A recent announcement from Twitter highlights the fact that the company is seeking to make more money from its service. This is certainly not a surprise; Twitter is widely used, yet there is little advertising, other than sponsored tweets and accounts, and the company needs to monetize its user base. But developers are worrying about Twitter restricting use of its API, and whether this will lead to a “closed garden” approach.
Twitter sees some 400 million tweets posted every day, and the company initially let anyone who wanted work with this data. Developers of third-party Twitter applications take advantage of this openness to offer features that Twitter itself does not. But if Twitter starts rolling out ads that get piped into these applications, how will users react?
The problem with Twitter is that its simplicity is what prevents it from making money. The company could insert plenty of ads on its own website, but they would only reach users who interact with Twitter via its website; those who use third-party clients wouldn’t see anything, and wouldn’t generate any income.
Twitter’s being a one-trick pony may lead to long-term problems.

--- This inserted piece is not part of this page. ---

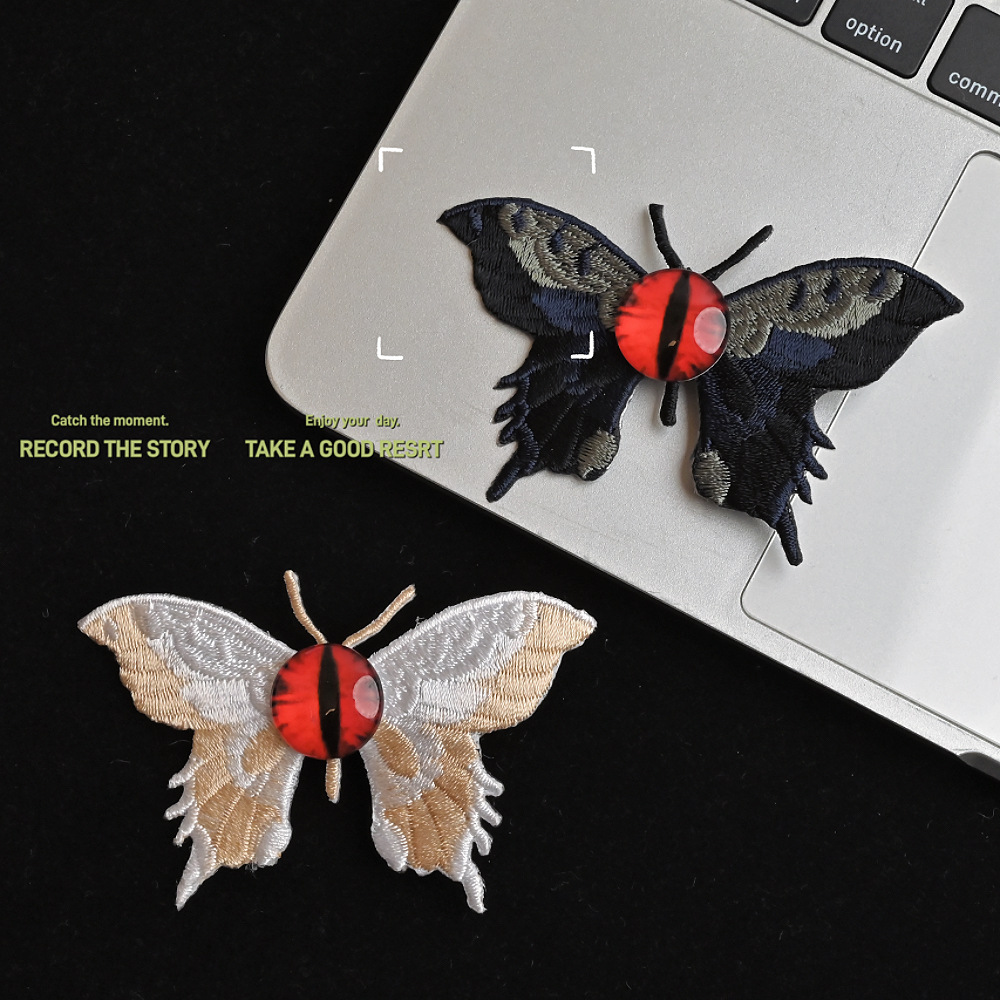 Dark Gothic Red Eyes Embroider - Embroidery Gothic recension och pris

There is no doubt that this is a popular platform, but part of what has ensured its popularity is the ecosystem of third-party applications that allow users to choose how they want to tweet and read tweets. For Twitter to make money, they have two choices: drown users in ads, or expand their service. If they do the former, they may lose users, and another company might try to create a similar service. If they do the latter, they may dilute their brand.
I find Twitter to be useful, for several reasons. It allows me to stay in touch with friends and co-workers, and serves as a kind of digital water-cooler. It also allows me to get information from companies that interest me. And, finally, it allows me to share information that interests me, including articles like this, to my followers. But if suddenly my timeline – even in a third-party application – were to be drowned in ads, I don’t know if I’d continue using it. Twitter has certainly become a habit, but Facebook used to be a habit as well, and I don’t visit their website much any more.
Twitter is in a tough spot, and needs to figure out how to move into the future. They run the risk of alienating much of their user base, losing users, and devaluing the brand. Monetizing a service like Twitter is not simple, and I hope those making these decisions do the right thing for their users. Because, after all, without these users, the company has nothing.
By the way, if you don’t follow me on Twitter, maybe you should.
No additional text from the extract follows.